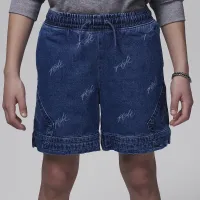 Nike Jordan MJ Flight Heritage Big детские Denim шорты синий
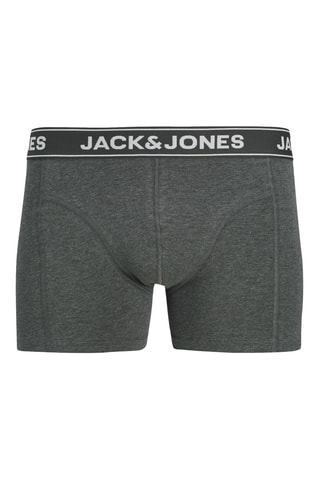 3 Biologisch Katoenen Boxers - Gemêleerd Donkergrijs en Donkergroen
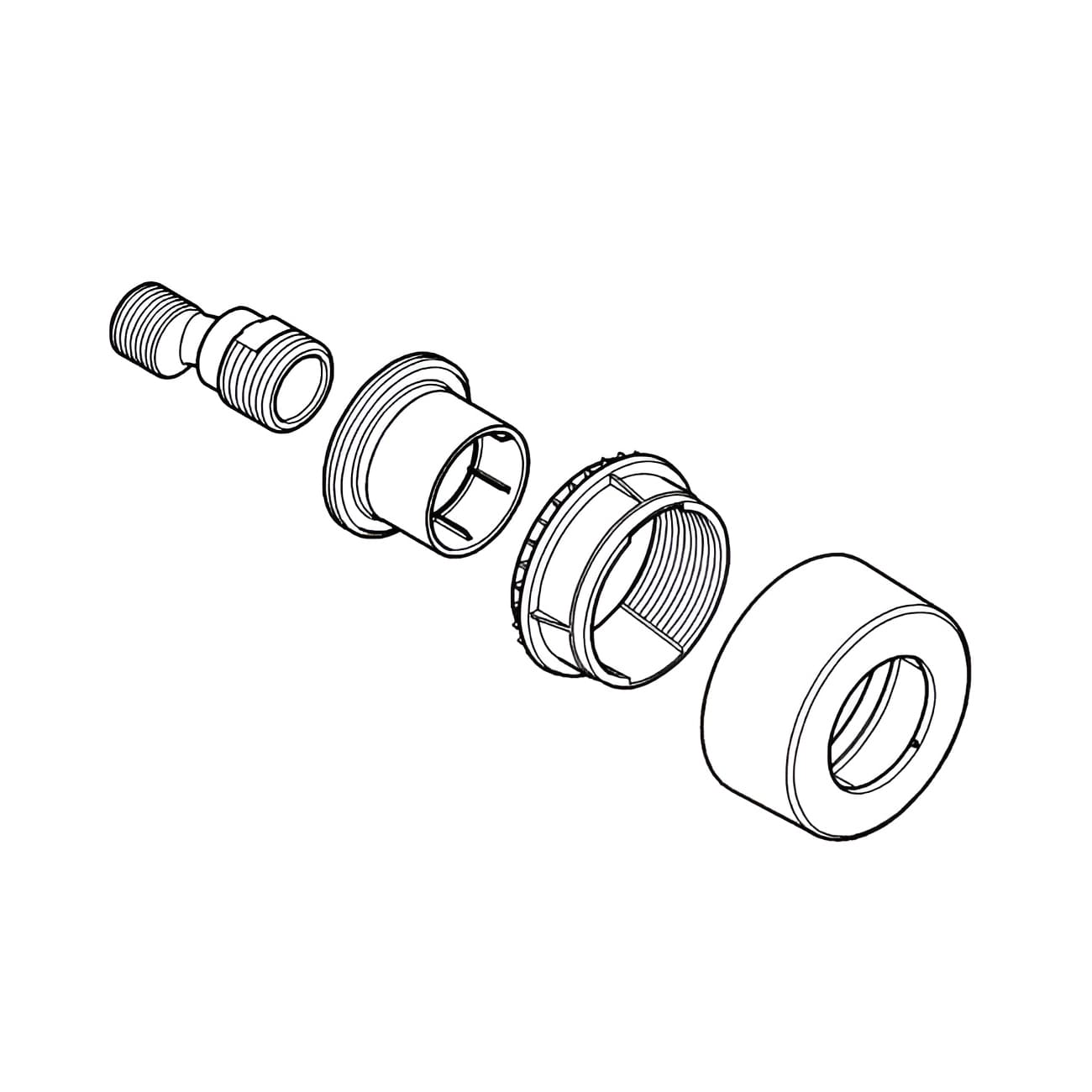 Телескопический декоративный отражатель для настенного смесителя Grohe 407093LS4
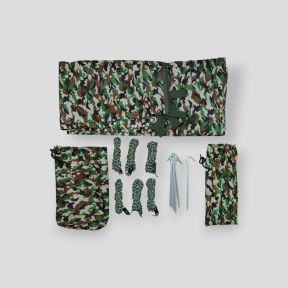 Lona 2x3m com 6 piquetes e 6 paracordas ajustáveis - Camo CE - Uang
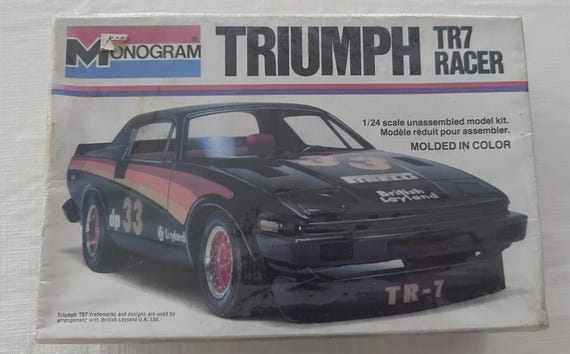Monogram 1/24 Scale Triumph TR7 Racer Plastic Model Kit [super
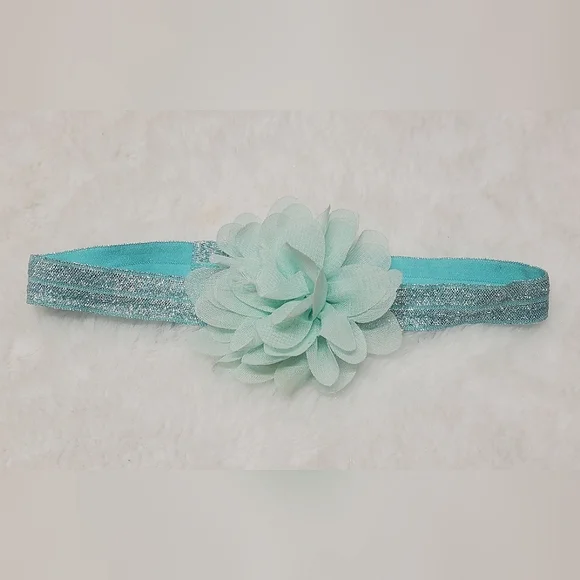 💖10 FOR 20💖New Handmade Baby Blue Floral Headband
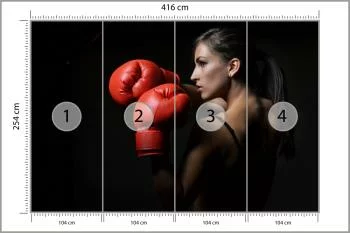 Fototapeta Piękna Bokserka - obrazek 3
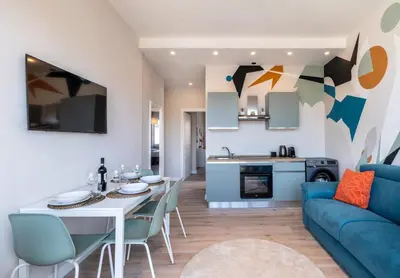 Cucina o angolo cottura di Lux Colors and Relax apartment in FLorence
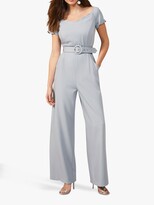 Thumbnail for your product : Phase Eight Keke Scallop Neckline Wide Leg Jumpsuit, Dusty Blue
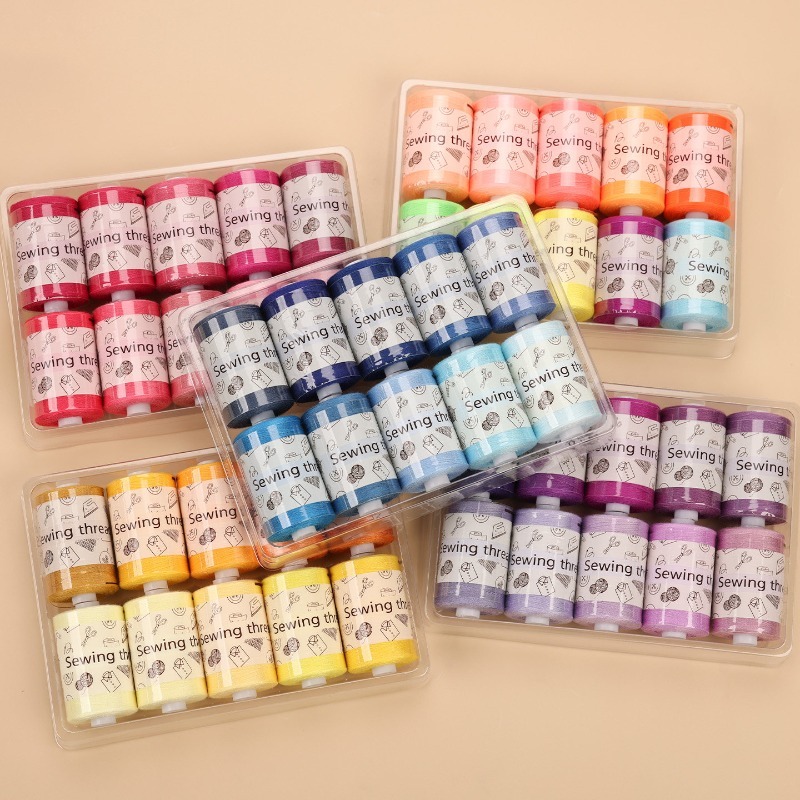 Sewing Thread Production - Meerkleurige naaigarenset, duurzame garen geschikt voor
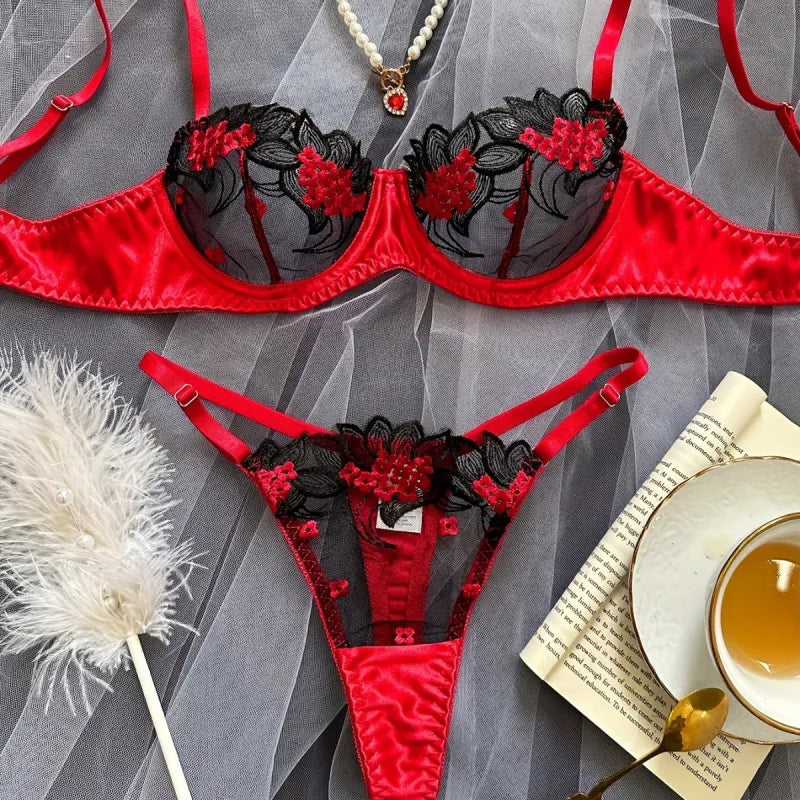 Set Lingerie Fantasia Incandescente - AmorosaBoutique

=== Problem to work on ===
Could you repeat, exactly, only the lines above starting at the one that has "Lona 2x3m com" and stopping after the one that has "Cucina o angolo", without the pictures?

=== Solution to this task ===
 Lona 2x3m com 6 piquetes e 6 paracordas ajustáveis - Camo CE - Uang
Monogram 1/24 Scale Triumph TR7 Racer Plastic Model Kit [super
 💖10 FOR 20💖New Handmade Baby Blue Floral Headband
 Fototapeta Piękna Bokserka - obrazek 3
 Cucina o angolo cottura di Lux Colors and Relax apartment in FLorence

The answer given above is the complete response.